The film revolves around a stellar performance by Natalie Portman and mirrors the conflict between good and evil in Tchaikovsky’s ballet “Swan Lake.” Nina (Portman) doesn’t only throw herself into her art, but also ends up throwing herself over the deep end.
Nina’s entire life has been devoted to ballet. Encouraged and coddled by her ex-ballerina mother, Erica (Barbara Hershey), Nina is chosen for the role of the swan queen - a role that calls for the dancer to show duality – the White Swan is pure and fragile; the Black Swan is assertive and sensuous.
After firing his former prima ballerina and lover Beth McIntyre (Winona Ryder), the dance company director Thomas Leroy (Vincent Cassel) is an arrogant playboy who knows that the sheltered Nina can play the White Swan, but finds her too demure to play the Black Swan.
The film unfolds quite typically, drawing you into the backstage rivalries and the dark depths of jealousy. There is tension between Nina and Thomas and then Nina and Lily (Mila Kunis), a new dancer. Lily is the antithesis of Nina: bold, free-spirited, and confident.
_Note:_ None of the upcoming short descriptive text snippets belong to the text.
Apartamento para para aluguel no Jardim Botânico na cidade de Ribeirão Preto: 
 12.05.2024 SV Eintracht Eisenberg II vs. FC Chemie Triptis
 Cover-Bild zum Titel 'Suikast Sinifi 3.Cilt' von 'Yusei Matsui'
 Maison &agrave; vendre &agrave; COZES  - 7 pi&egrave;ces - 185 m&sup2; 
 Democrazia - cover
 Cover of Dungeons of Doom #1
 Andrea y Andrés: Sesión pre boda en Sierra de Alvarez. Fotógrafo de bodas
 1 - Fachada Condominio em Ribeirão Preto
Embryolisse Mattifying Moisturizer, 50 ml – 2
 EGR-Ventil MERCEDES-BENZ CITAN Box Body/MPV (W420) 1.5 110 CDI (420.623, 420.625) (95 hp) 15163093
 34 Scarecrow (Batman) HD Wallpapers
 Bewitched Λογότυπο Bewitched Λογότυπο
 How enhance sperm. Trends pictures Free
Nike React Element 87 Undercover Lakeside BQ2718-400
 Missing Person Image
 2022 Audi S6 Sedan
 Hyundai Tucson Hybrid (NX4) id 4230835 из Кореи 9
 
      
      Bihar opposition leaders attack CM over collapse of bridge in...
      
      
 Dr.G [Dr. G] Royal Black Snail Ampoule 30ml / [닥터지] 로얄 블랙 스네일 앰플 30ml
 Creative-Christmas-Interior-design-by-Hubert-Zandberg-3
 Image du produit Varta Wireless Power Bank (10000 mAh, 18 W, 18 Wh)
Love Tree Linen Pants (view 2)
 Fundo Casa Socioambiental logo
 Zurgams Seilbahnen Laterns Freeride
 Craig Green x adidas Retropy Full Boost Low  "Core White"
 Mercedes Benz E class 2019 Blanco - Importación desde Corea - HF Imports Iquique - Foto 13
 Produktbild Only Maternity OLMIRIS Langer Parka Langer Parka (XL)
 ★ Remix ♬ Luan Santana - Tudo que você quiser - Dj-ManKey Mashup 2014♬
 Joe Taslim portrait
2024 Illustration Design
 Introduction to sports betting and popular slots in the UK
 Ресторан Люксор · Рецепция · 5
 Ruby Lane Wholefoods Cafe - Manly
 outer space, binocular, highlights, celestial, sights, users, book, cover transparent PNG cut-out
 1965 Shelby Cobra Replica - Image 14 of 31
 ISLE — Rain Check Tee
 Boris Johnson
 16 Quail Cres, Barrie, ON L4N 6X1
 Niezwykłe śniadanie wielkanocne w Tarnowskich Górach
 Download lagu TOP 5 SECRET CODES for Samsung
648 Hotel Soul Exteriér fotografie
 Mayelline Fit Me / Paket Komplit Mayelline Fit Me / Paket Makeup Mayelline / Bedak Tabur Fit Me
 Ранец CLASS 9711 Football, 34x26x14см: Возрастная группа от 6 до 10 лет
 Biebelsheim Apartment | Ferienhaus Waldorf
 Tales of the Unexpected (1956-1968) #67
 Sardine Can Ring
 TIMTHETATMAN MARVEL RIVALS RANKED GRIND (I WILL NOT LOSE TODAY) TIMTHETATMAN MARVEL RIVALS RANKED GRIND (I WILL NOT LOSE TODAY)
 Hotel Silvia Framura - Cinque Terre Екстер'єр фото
The style and approach that Aronofsky uses in the film is effective in portraying a downward spiral into madness. The utilization of specific special effects add to the story. The use of light, shade, angle, speed and color in the film seem to coincide beautifully with Nina’s emotional arc in the story.
“Black Swan” is essentially trippy and weird. Nevertheless, it is quite important to not focus on trying to figure out what happened in the film, but on what the film represents – that extreme passion for anything can ultimately drive one over the edge.